The road was long, flat and mostly straight 
with long stretches of nothing with very few cars,
so Vance took this opportunity to see 
how fast the rental car could accelerate.



The landscape was barren with many buttes and mesas.
It was nice to visit,  but I wouldn't want to live there!


The brilliant blue sky against the red stone was very striking.


When we got to the hotel, one of the first things I did 
was find out where to go to see the sunset and sunrise.
I was very excited when the woman at the desk told me
about Horseshoe Bend for sunset.  I have seen pictures
before, but I didn't realize it was here!


It was getting close to sunset, and my very special husband
 came with me.We needed to hike for about 15 minutes 
on a sand and sandstone path to get there.


There were lots of other people with the same idea. 


Horseshoe Bend is a place where the Colorado River 
flows arounda sharp bend in the shape of a horse shoe.
I didn't realize the viewing area was on the edge of the cliffs 
surrounding the bend.  Photographers with tripods lined the cliffs, 
sometimes so close to the edge that I would have feared 
my camera would get accidentally knocked into the abyss.

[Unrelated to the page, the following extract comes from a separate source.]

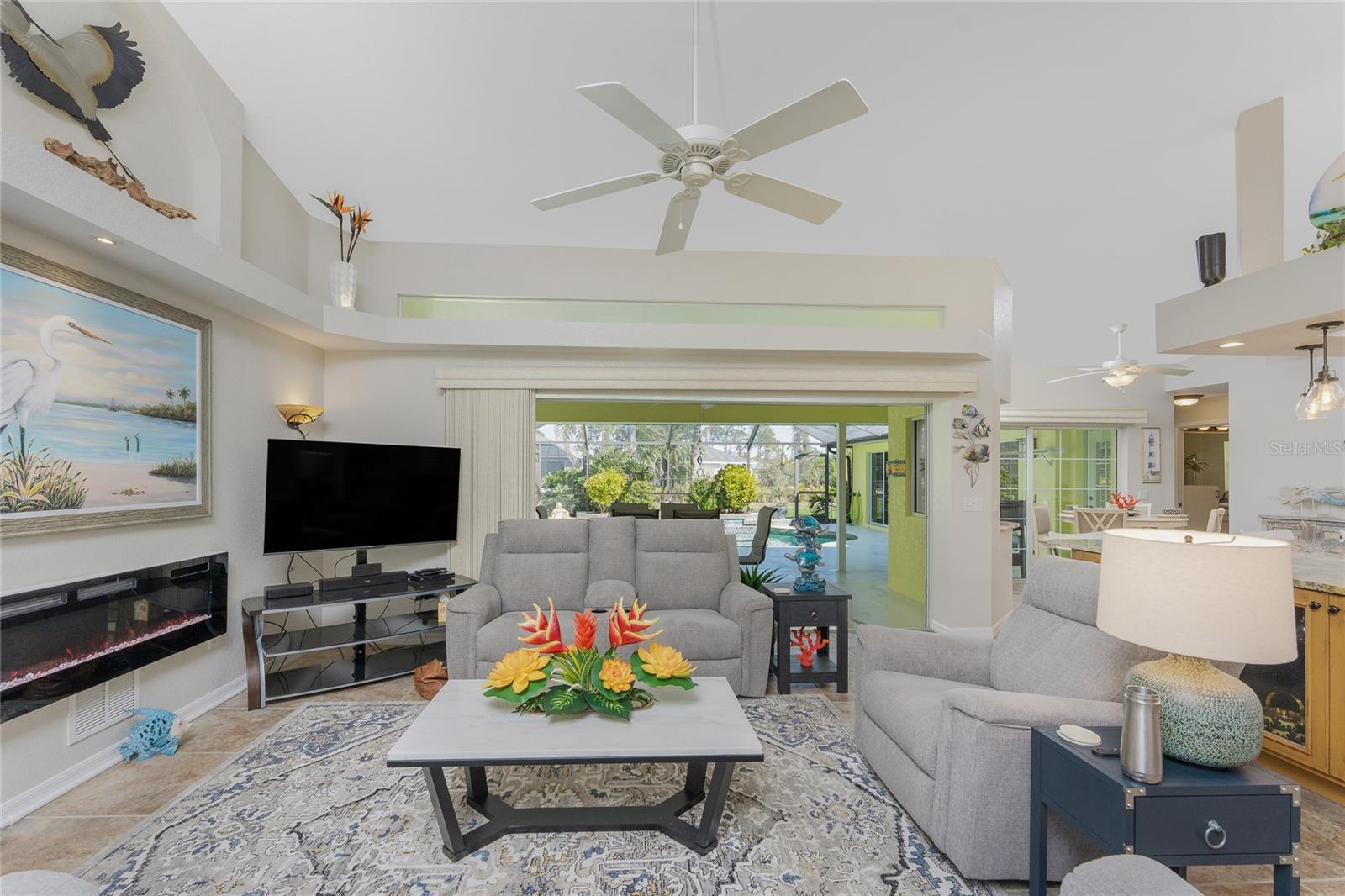 817 BOUNDARY BLVD, ROTONDA WEST, FL, 33947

You HAD TO  get on the edge in order to see the river.  
I didn't feel safe standing up, but sitting was fine.



Vance chose to stand back on solid ground.



The sunset wasn't very colorful, but I loved being here in this lovely spot!


As we were walking back to the car,  I loved watching
 this person posing on one of the rocks!

The town of Page is not a very busy place this time of year.
We had dinner at the motel restaurant and went to bed early.
I set my alarm to get up for sunrise.


The buttes and mesas made for a very beautiful sunrise.  
Navajo Mountain is in the background.


I was driving on Lake Shore Drive along the shores of Lake Powell.



The rock formations are so interesting in silouette.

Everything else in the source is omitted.